TIM ridiventa un po’ italiana, ma adesso battaglia sulla rete
Le ipotesi che impattano sulle bollette del telefono
Tre le ipotesi operative: TIM deterrebbe il controllo quota-parte della newco; la rete verrebbe sottratta a TIM; la rete verrebbe assegnata pro-quota agli attuali azionisti di TIM. Nel primo caso, il crollo di valore di TIM in borsa sarebbe minore, visto che la compagnia continuerebbe a gestire la rete, pur da una posizione non più di assoluto controllo, anzi possibilmente da socio di minoranza per quanto sopra detto e in condizioni di parità per l’accesso rispetto alla concorrenza. In questo caso, però, TIM non incasserebbe alcunché, non essendovi formalmente una cessione, bensì una pura separazione. Se, invece, la rete dovesse essere venduta per obbligo normativo, la compagnia dovrebbe riscuotere il prezzo offertogli dai pretendenti. Due i dubbi: chi comprerebbe e chi pagherebbe? Lo stato di quattrini non ne avrebbe e difficile che la Cdp si accolli il costo di un’operazione per una decina di miliardi.
Infine, se la rete scorporata fosse assegnata in capo agli azionisti pro-quota, Vivendi deterrebbe il 24% dell’infrastruttura. Se vendesse, monetizzerebbe fino a circa 2,5 miliardi di euro, rientrando in buona parte del costo sostenuto due anni fa per acquisire il controllo di fatto di TIM. Il problema è che, come dicevamo, il valore della rete non sembra così certo. Un emendamento al decreto fiscale, presentato dal Movimento 5 Stelle, medierebbe tra le due opposte esigenze: quella di Elliott di mettere a segno lo scorporo e incassare il dividendo della scalata di inizio anno; l’altra di Vivendi di non soccombere del tutto alla svolta.
Da anni, quando si parla di scorporo della rete, si litiga tra TIM e governo su un punto: quanti debiti e quanti lavoratori appioppare alla rete scorporata?
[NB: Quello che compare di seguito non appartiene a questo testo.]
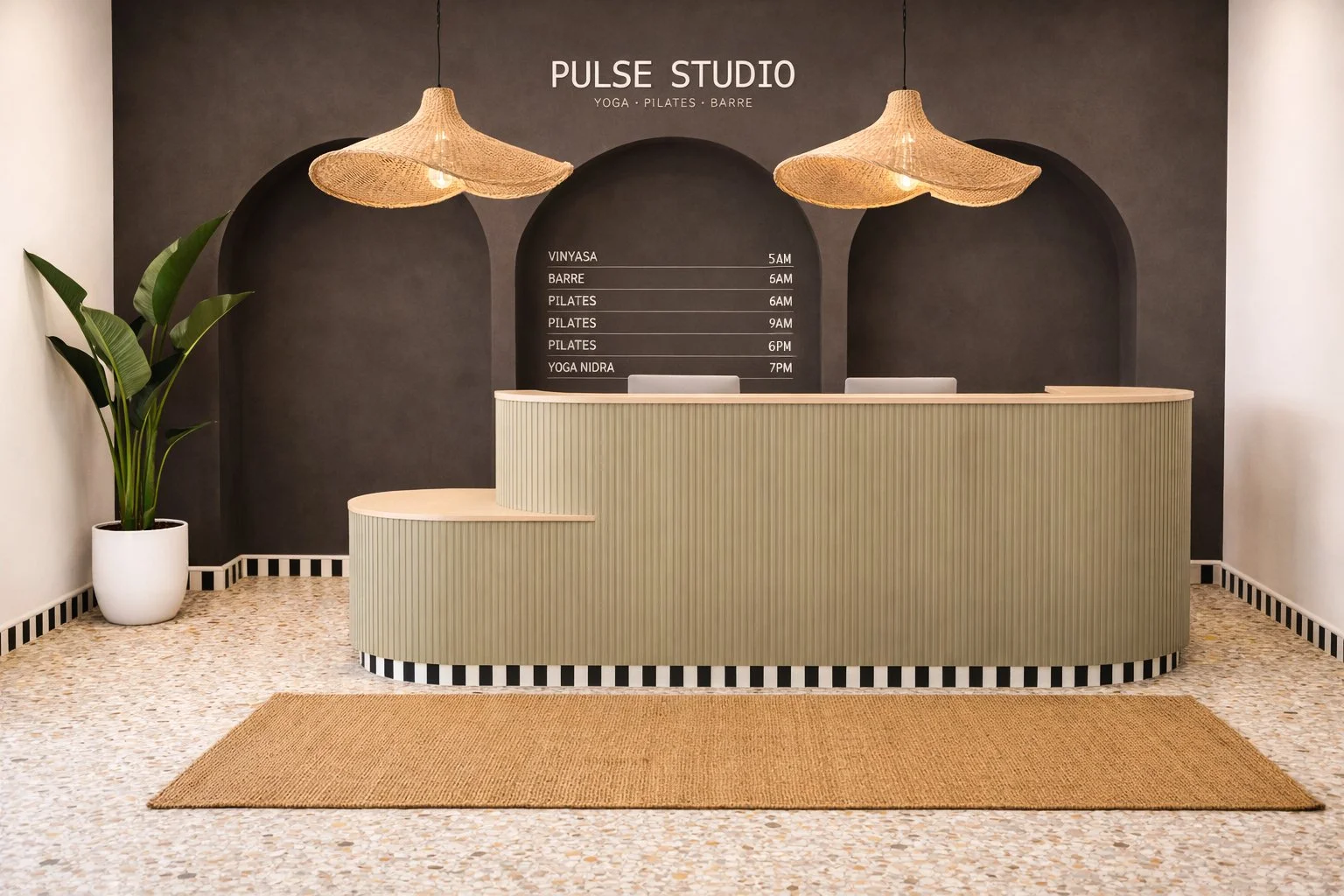 Reception area of Pulse Studio featuring a curved beige reception desk, a potted plant on the left, two hanging woven pendant lights, a dark accent wall with the studio's name and schedule, and a textured beige floor with a rectangular doormat.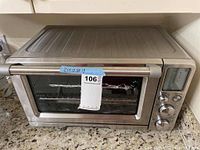 Front view of stainless steel Breville toaster oven showing exterior, glass door and handwritten dimensions label
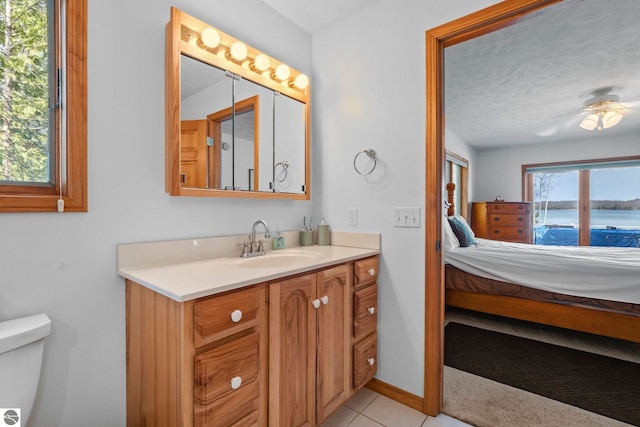 bathroom with vanity, tile patterned flooring, toilet, ceiling fan, and ensuite bath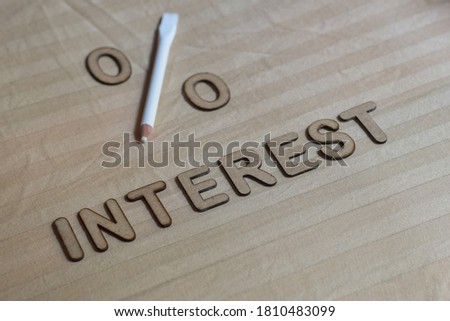 The word says INTEREST written in 3d wooden alphabet letters with a persentage sign laid on beige fabric background. Conceptual image of financial investment, selective focus.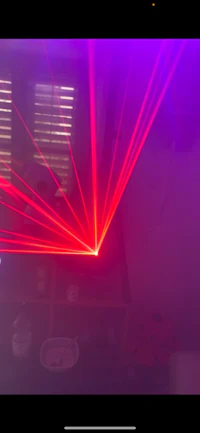 a red and purple laser light in a room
Chiaro che sia conveniente per la compagnia spingere per massimizzare le risorse in uscita, così da liberarsi di oneri. Viceversa, lo stato non vorrebbe accollarsene più del dovuto, altrimenti il valore reale della rete ne uscirebbe depresso. Se, però, la newco si prendesse qualche migliaio di lavoratori in più rispetto alle esigenze effettive e tale maggiore costo potesse essere scaricato sulle società clienti – le stesse che offriranno agli utenti finali i servizi telefonici e relativi alla navigazione – tutti apparentemente ci guadagnerebbero. TIM, essendosi sgravata di costi ordinari; la newco, che potrà imporre tariffe più alte ai clienti, trasferendo loro i maggiori oneri. A perderci ci sarebbero di sicuro gli utenti, ossia noi: pagheremmo le bollette del telefono più di quanto dovremmo, a meno che TIM non approfitti dello sgravio ricevuto per offrire tariffe più basse di quelle odierne, accrescendo la pressione sui concorrenti, i quali sarebbero costretti ad abbassare le loro per non soccombere sul mercato domestico, a tutto discapito dei loro margini. Vedremo se prevarrà la logica del mercato o quella collusiva, tipica delle configurazioni oligopolistiche. Se la storia insegna qualcosa, pare che la seconda avrà la meglio e le bollette del telefono possano rincarare.